In Herzog eyes, Grant knew nothing about baseball operations. He felt Grant would give up young talent tin exchange for a big named payer who's best days were behind him.
Herzog was instrumental in building the Mets 1969 Amazing Mets World Championship team & the 1973 NL Pennant winners. He would spend eight years developing young Mets players and trying to let go all the players he felt disposable. Herzog helped develop the young 1969 pitching staff and many of its young players within the organization in the years following.
The crop of young arms to come out of the Mets organization in the late sixties, early seventies is incredible. Tom Seaver (three Cy Young Awards / Hall of Fame ), Nolan Ryan (Seven No Hitters / All Time MLB Strike out leader / Hall of Fame).
Also Mets stars; Jerry Koosman (20 game winner) Jon Matlack (1972 Rookie of the Year) Tug McGraw (one of the 1970s best Relievers) & Craig Swan (1978 ERA leader). Add In successful pitchers; Gary Gentry, Jim McAndrew, Bob Apodaca, Buzz Capra (1974 NL ERA leader), Danny Frisella, Steve Renko, Rich Folkers & Nino Espinosa.
In 1972 when Gil Hodges tragically passed away from a fatal heart attack, Whitey Herzog was probably the best man to fill the spot.
But M. Donald Grant who always went with an old New York Player from yesteryear chose to promote Hodges Coach Yogi Berra to the position. At Hodges funeral, Whitey was instructed to stay away from Grant so the media wouldn’t think he was getting the position. It’s something Herzog never forgave the Mets for.
Then Herzog was even more furious, as in the coming years the Mets gave away some of their top young talent; Nolan Ryan, Ken Singleton, Amos Otis, & Tim Foli. He believed that the Mets would have had a dynasty type team through the seventies if they had held on to these players. He certainly has a good point. It was the trades of Ryan & those players that made Herzog have enough.
By 1973 Herzog couldn’t take Mr. Grant or the Mets anymore, he left the organization for good.
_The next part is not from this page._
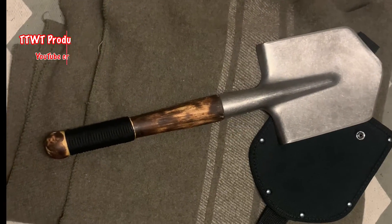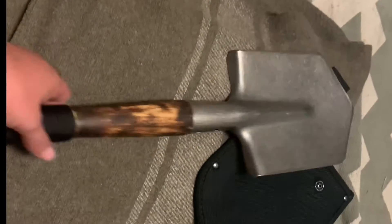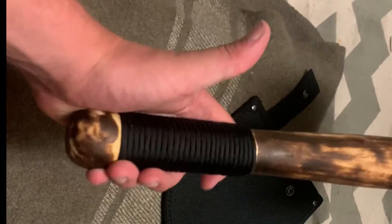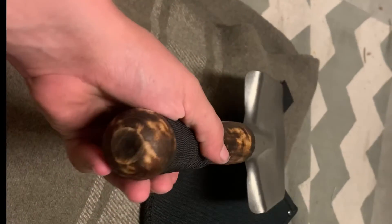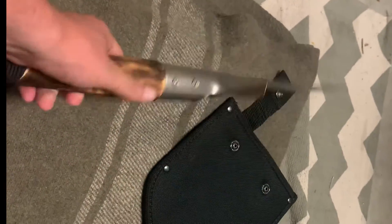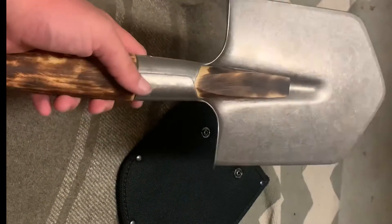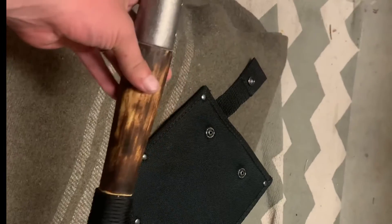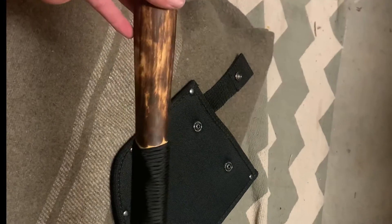Quick update on the Russian e-tool mod. I put a pretty solid paracord wrap on it, got rid of the polyurethane coat, re-handled it, did some burning and sanding on it, gave it kind of an old weathered look. I think it looks kind of interesting.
But he must be remembered for all the great work he did.
Whitey Herzog moved on & became a Hall of Fame manager with a fantastic career.
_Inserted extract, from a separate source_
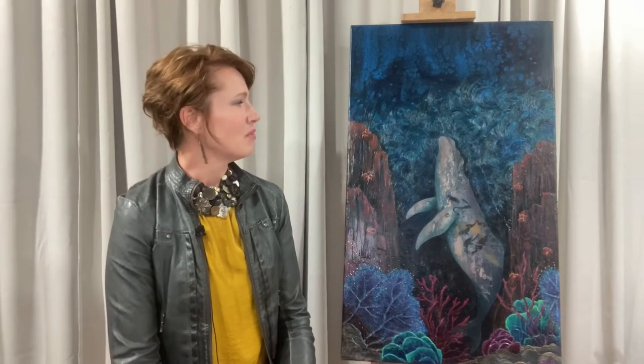First of all, the title 'What Lies Beneath' was given to me by a young woman I know. She's a little friend of mine, and when she saw this painting, that's what she thought of as a good title. I thought that's perfect, because I struggle with titles. So 'What Lies Beneath' — it focuses on this one whale.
In 1973 he began his managerial career with the Texas Rangers, going 47--91 before getting replaced by Del Webner for one game, until Billy Martin took over. From there he coached with the California Angels under Bobby Winkles in 1974. When Winkles got fired, Herzog became the interim manager for four games, until Dick Williams took over.
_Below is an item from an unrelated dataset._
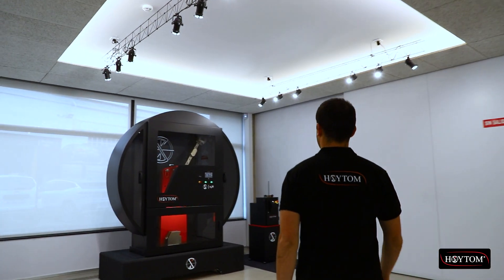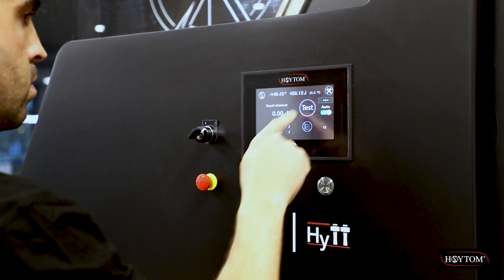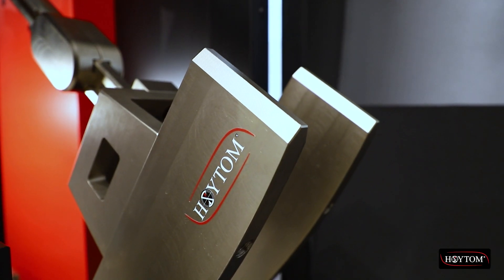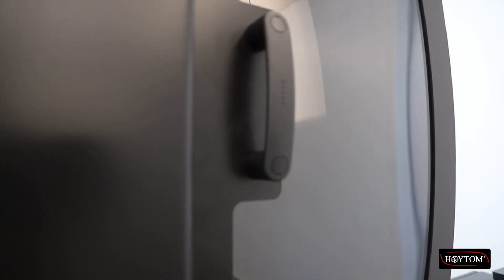Oytom's Heat Pendulum Impact Tester enables fast and intuitive testing. The Heat reduces testing times thanks to its hammer, which automatically returns to the starting point after each test, thus providing greater productivity and user safety.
From there Herzog went to the Kansas City Royals & led them to three straight AL Western Division titles. He lost each time in the ALCS & finished in second place to the Angels in 1979.
In 1980 he went to the St. Louis Cardinals & stayed there for the next decade. Herzog would win one World Series with Cardinals (1982) , two NL pennants (1985 & 1987) and six NL Eastern titles.
His style of play in St. Louis became known as Whitey Ball. He used patient hitters, with good on base percentages at the top of his lineup. Speed & aggressive base running on the base paths of the Busch Stadium artificial turf led to a lot of runs scored.
He became one of the Mets biggest enemies in the 1980’s as he was out for vengeance against his old organization. He also had a personal feud with New York's Keith Hernandez, who won an MVP Award with Herzog in St. Luis in 1979, but then traded him to the Mets just three years later.
Whitey was very outspoken about Keith in his Cardinal days, calling him lax and easy going on the field. Hernandez came to New York and vowed to prove Herzog wrong. After leaving the Cardinals in 1990 he worked in the Anaheim Angels front office through the 1990’s before retiring.
Honors: In 2010 Herzog was elected to the Baseball Hall of Fame.